# Exercise objective
Stop after the line with "mushroom flora nature free photo"; until then, please copy every line of the records word for word from the first.

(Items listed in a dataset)
.....
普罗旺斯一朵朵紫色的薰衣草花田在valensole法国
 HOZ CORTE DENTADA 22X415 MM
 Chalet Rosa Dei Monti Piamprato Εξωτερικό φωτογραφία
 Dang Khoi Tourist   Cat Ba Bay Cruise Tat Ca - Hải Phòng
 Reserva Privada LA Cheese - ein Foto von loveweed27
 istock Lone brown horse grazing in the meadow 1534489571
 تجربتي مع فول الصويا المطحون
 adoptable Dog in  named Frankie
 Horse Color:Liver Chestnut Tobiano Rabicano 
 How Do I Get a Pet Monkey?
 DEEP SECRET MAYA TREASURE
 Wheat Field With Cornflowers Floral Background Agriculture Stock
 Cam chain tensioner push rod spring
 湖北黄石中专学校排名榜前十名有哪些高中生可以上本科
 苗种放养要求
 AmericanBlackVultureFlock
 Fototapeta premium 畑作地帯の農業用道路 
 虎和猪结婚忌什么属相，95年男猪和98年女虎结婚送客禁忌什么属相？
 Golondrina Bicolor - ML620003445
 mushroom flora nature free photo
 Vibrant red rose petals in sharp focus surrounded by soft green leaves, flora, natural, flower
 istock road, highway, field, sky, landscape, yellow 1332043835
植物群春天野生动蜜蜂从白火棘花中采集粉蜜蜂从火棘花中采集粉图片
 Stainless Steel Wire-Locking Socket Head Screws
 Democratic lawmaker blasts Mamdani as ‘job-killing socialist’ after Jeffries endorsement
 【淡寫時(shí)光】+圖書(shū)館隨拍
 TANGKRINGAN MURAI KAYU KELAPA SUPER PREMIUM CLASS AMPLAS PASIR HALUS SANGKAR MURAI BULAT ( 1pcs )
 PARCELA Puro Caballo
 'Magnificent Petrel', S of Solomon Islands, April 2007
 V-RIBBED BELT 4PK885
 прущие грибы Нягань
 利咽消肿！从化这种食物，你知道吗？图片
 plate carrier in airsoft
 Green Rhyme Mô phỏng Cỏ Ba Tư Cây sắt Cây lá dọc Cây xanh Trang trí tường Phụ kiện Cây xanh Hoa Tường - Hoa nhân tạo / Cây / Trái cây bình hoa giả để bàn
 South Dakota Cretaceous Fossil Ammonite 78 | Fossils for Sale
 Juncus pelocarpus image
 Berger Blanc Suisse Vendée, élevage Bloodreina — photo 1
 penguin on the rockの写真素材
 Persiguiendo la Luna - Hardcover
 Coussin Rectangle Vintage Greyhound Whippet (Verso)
.....
# Finished exercise
普罗旺斯一朵朵紫色的薰衣草花田在valensole法国
 HOZ CORTE DENTADA 22X415 MM
 Chalet Rosa Dei Monti Piamprato Εξωτερικό φωτογραφία
 Dang Khoi Tourist   Cat Ba Bay Cruise Tat Ca - Hải Phòng
 Reserva Privada LA Cheese - ein Foto von loveweed27
 istock Lone brown horse grazing in the meadow 1534489571
 تجربتي مع فول الصويا المطحون
 adoptable Dog in  named Frankie
 Horse Color:Liver Chestnut Tobiano Rabicano 
 How Do I Get a Pet Monkey?
 DEEP SECRET MAYA TREASURE
 Wheat Field With Cornflowers Floral Background Agriculture Stock
 Cam chain tensioner push rod spring
 湖北黄石中专学校排名榜前十名有哪些高中生可以上本科
 苗种放养要求
 AmericanBlackVultureFlock
 Fototapeta premium 畑作地帯の農業用道路 
 虎和猪结婚忌什么属相，95年男猪和98年女虎结婚送客禁忌什么属相？
 Golondrina Bicolor - ML620003445
 mushroom flora nature free photo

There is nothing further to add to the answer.